American writer (born 1964)

Susan E. Eaton (born 1964) is an American author, journalist, educator, scholar and philanthropic adviser. She is Professor of Practice and Director of the Sillerman Center for the Advancement of Philanthropy at the Heller School for Social Policy at Brandeis University.

==Career==
She is an adjunct lecturer at the Harvard University Graduate School of Education. Eaton's work has centered around civil rights in education, school desegregation, racial and ethnic diversity and inclusion in K-12 schools and immigration-related practice and policy at the state and local levels.

She is the author of the books Integration Nation: Immigrants, Refugees and America at its Best, The Children in Room E4: American Education on Trial; The Other Boston Busing Story; and with Gary Orfield, co-author of Dismantling Desegregation: The Quiet Reversal of Brown v.
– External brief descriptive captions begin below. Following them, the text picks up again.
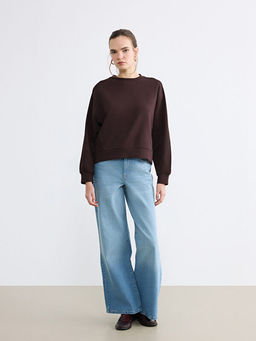 Bisiklet Yaka Oversize Kad?n Sweatshirt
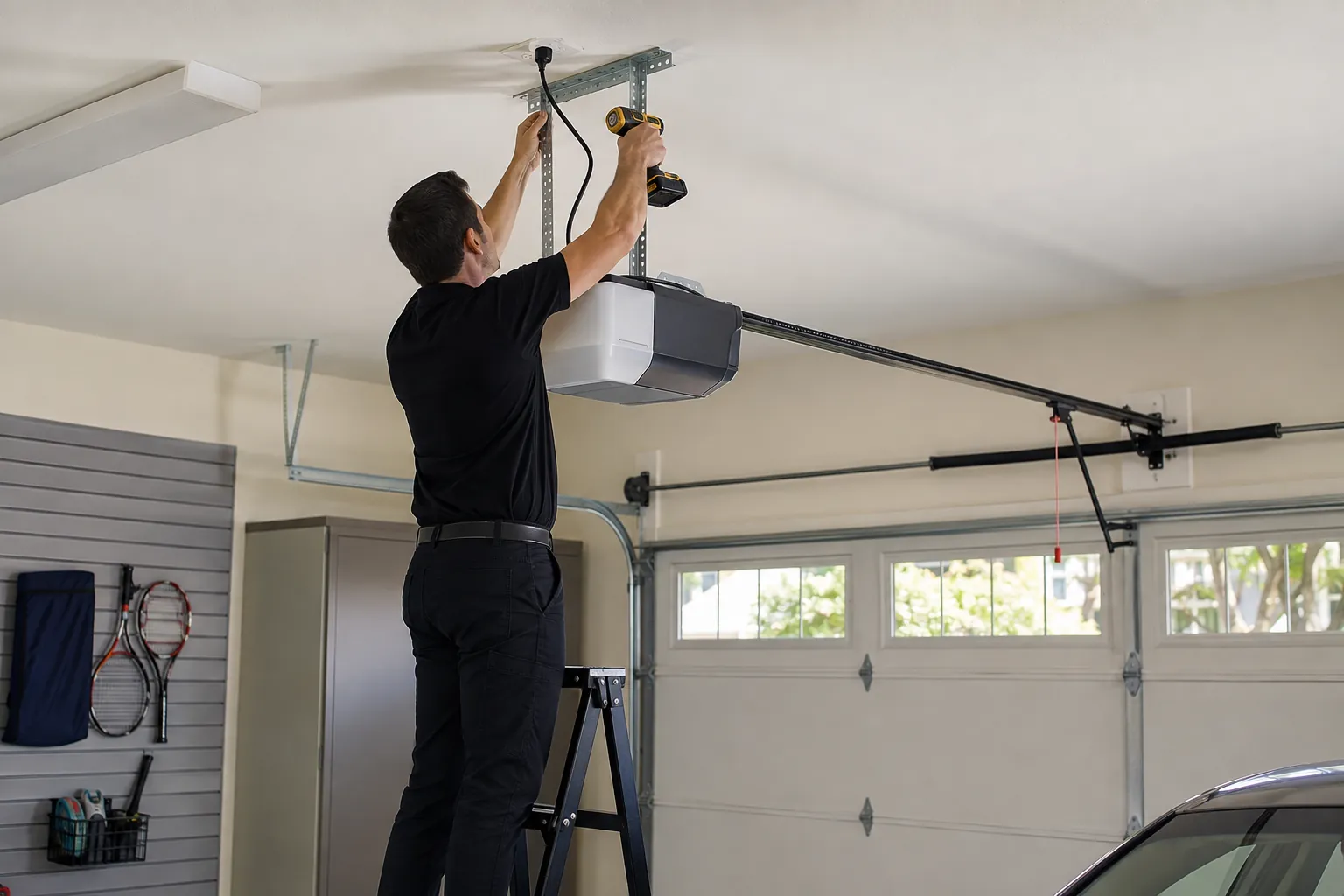 Technician servicing a belt-drive garage door opener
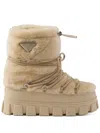 Prada Après-ski-stiefeletten Aus Lammfell In Neutral
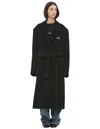 Doublet Black Wool Coat In Black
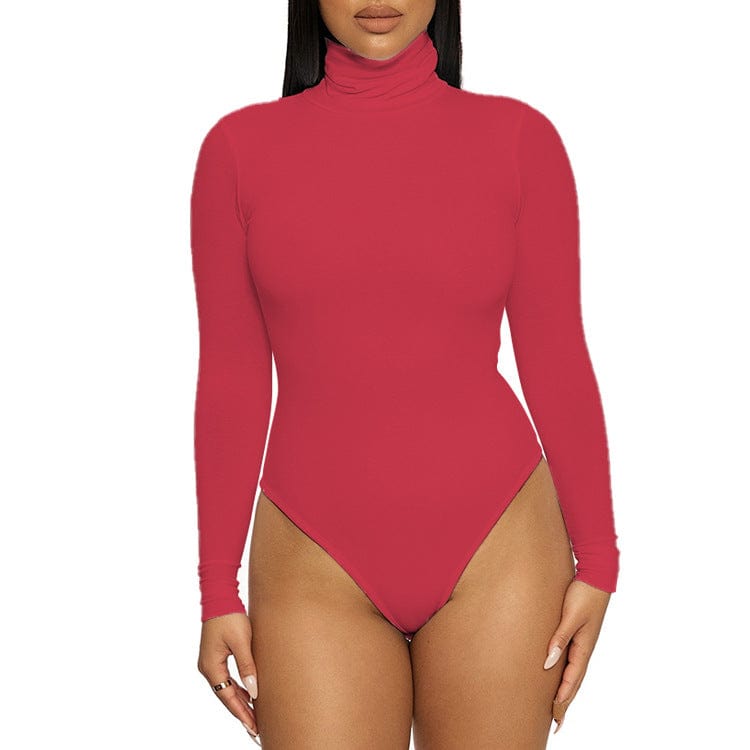LOVEMI  Bodysuit S / Red Lovemi -  Base Base Women's Turtleneck Long Sleeve Slim Fit Jumpsuit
Board of Education.

Eaton founded and co-directed the storytelling project One Nation Indivisible, ("Our Staff") from which the book Integration Nation grew. Her writing has also appeared in The Nation, The New York Times and other publications.

From 2006 to 2015, Eaton was the research director at the Charles Hamilton Houston Institute for Race and Justice at Harvard Law School.

Integration Nation is the WSU Common Reading for the 2016–17 academic year.

==Books==

- Dismantling Desegregation: The Quiet Reversal of Brown V. Board of Education. New York: New Press, 1996 ISBN 9781565843059
- The Other Boston Busing Story: What's Won and Lost Across the Boundary Line. New Haven: Yale University Press, 2001. ISBN 9780300087659
- The Children in Room E4: American Education on Trial. Chapel Hill, N.C: Algonquin Books of Chapel Hill, 2007. ISBN 9781565124882
- Integration Nation: Immigrants, Refugees, and America at Its Best. The New Press, 2016, p. 192. ISBN 9781620970959.